Again, final appellate judges refuse to obey the law and repeat their dissenting views in subsequent cases: R v Craig [2009] SCC 23, R v Ouellette [2009] SCC 24, and R v Nguyen [2009] SCC 25 (all 29 May 2009).
In the lead case, Craig, dissents were delivered by LeBel J, Fish J, and jointly by McLachlin CJ and Rothstein J. The same issues were addressed in Ouellette and Nguyen.
One would think (see notes for 19 January 2007, 16 January 2009 and 4 May 2009) that the dissenters would correctly identify the ratio of Craig and apply it in the subsequent cases. Instead, they repeated their reasoning by reference to what they had decided in Craig.

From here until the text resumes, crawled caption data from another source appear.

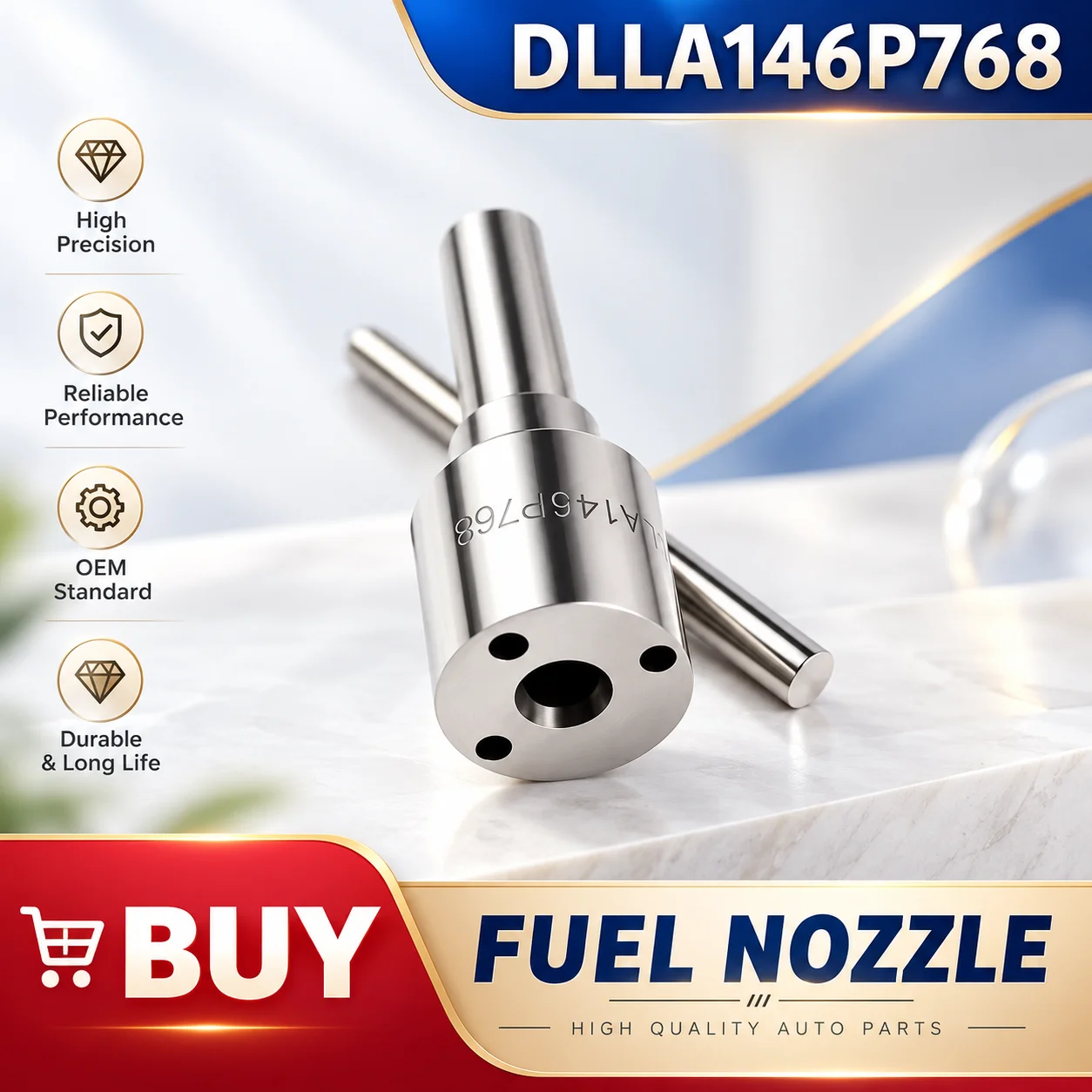 DLLA146P768 6x0.18 Diesel Injector Nozzle Flat Surface Design With 0.2mm Higher Needle Core For Fuel Delivery.LI2930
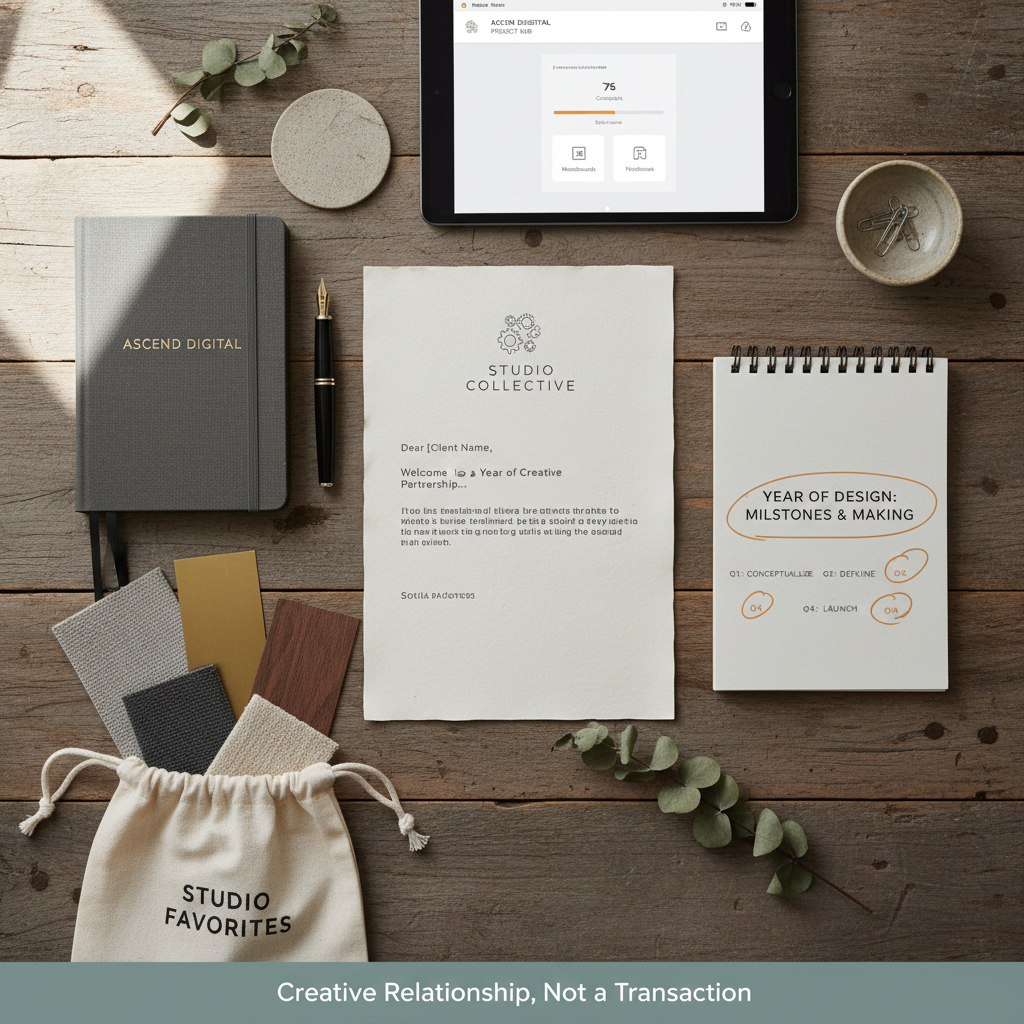 Flat lay of the Annual Design Retainer welcome package — letterhead, linen-bound notebook, material samples in a cotton pouch, year calendar with quarterly milestones, and client portal on tablet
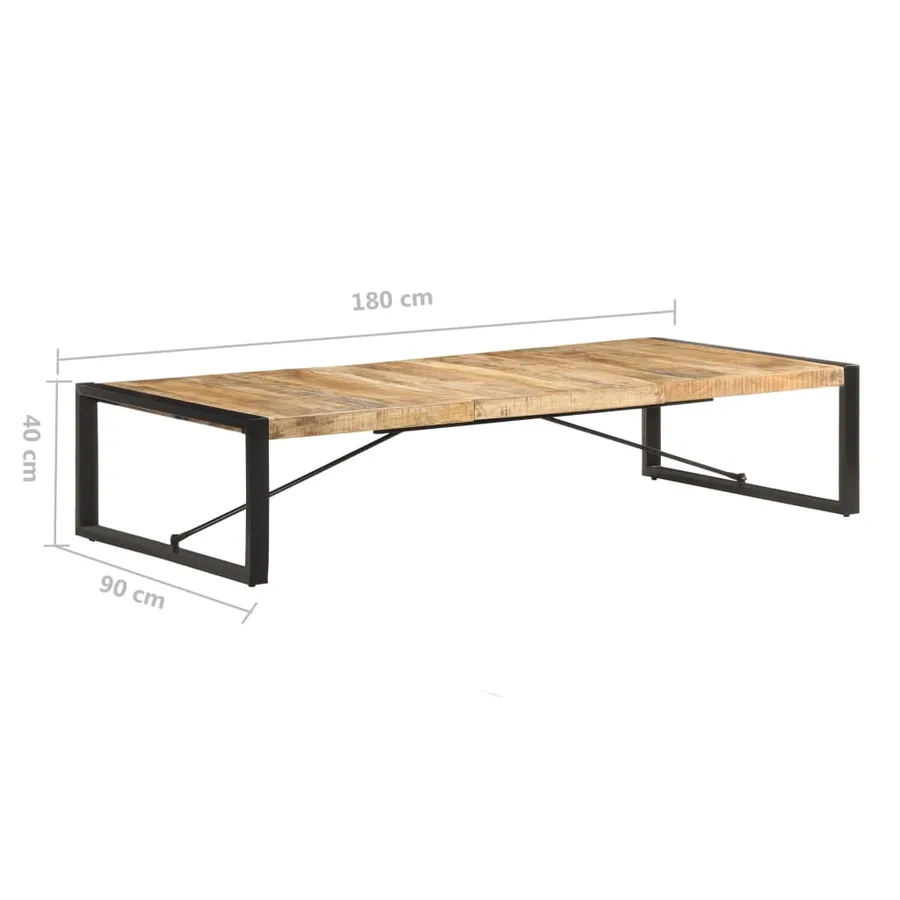 Table basse 180x90x40 cm Bois de manguier brut - 7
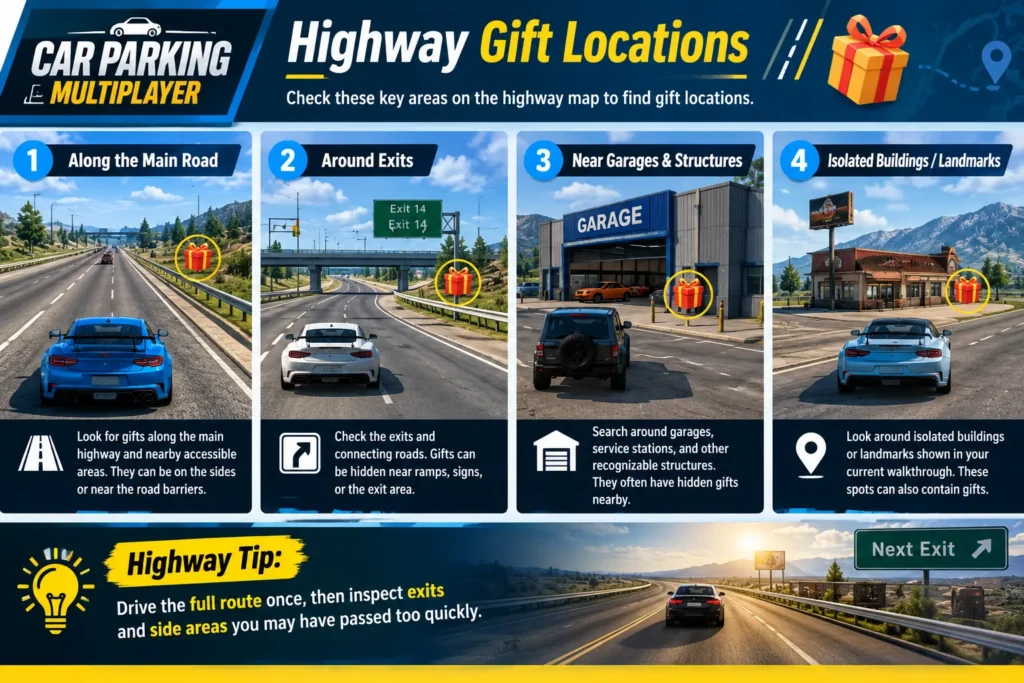 Car Parking Multiplayer highway gift locations near main roads, exits, garages, and isolated buildings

There was no suggestion that the decision in Craig was being considered with a view to its being overturned. If there had been such a suggestion, it would have been proper for the dissents to be raised again.
It must be confusing for law students to see appellate judges doing this. In Ouellette and Nguyen the dissenting reasons have absolutely no legal value: no lower court can follow them without misapplying Craig.
The cases concern the Controlled Drugs and Substances Act, S.C. 1996, c.19, particularly ss 16 and 19.1. Craig holds that forfeiture and sentencing are exercises independent of each other, but where forfeiture of real property is being considered, injustice may be avoided if partial forfeiture is ordered, although other options are no forfeiture of full forfeiture.
McLachlin CJ and Rothstein J dissented on the issue of partial forfeiture, holding that it was never available as an option. LeBel J and Fish J each dissented on whether the exercises were separate, holding that a sentencing judge may take into account a punitive forfeiture order.
So, any court that considers partial forfeiture of real property is not available would be contravening Craig. As would a court that thought a sentence should be influenced by the extent of a forfeiture order.